Here the first 4 columns correspond to each of the 4 features of the dataset (the sepal length, the sepal width, the petal length, the petal width, in centimeters), while each line corresponds to a sample of the dataset. The last column indicates the corresponding species (setosa, virginica or versicolor).
STEP 2 Building of the workflow for the PCA analysis
We start by creating a new experiment which will perform the PCA analysis of the Iris dataset. We then construct the workflow that will be used for our analysis, by selecting :
- the
PCA
process from our GAIA library, - the resource containing our processed data as input data, and
- the output process which will collect the result of our analysis.
Some parameters of our processes then need to be specified:
- the parameter of the PCA trainer process determining the number of principal components we want to compute, set here to 2.
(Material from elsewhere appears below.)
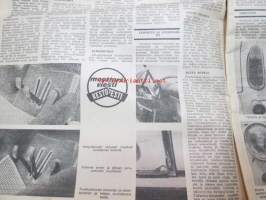 Moottoriviesti 1967 nr 3-4, sis. mm. seur. artikkelit / kuvat / mainokset; Kestotestit Opel Kadett - VW Variant - Taunus 15 M - Hillman Hunter, Kawasaki 85 J1T,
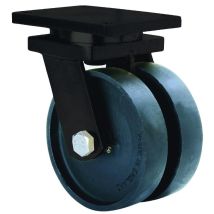 Ruedas Alex – Rueda giratoria de acero fundido – Capacidad de carga 2000 kg – Diámetro 200 mm – Ancho de banda 45x2 mm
STEP 3 Running the PCA workflow analysis and viewing the results
We can now run the experiment which will perform the PCA Analysis of the Iris dataset. Once the experiment has been successfully run, we can access the results in a tabular form, as well as in 2D scatter plot to see the first 2 principal components of the Iris dataset. Each dot of the scatter plot corresponds to a sample of the Iris dataset, while each color denotes the species of the sample. Here, we see a clear separation between setosa species and the other species, whereas versicor et virginica species are less well separated.
We can further get the variances explained by each component in a bar plot view. Looking at this result, we see that most of the variance of the Iris dataset is explained by the first principal component (more than 90%), while the amount explained by the second component is residual.
Note that the obtained results on the principal components are similar to the same type of analysis performed in the corresponding example treated in scikit-learn (Learn More).
Once validated, your experiment and your report can be shared among your collaborators.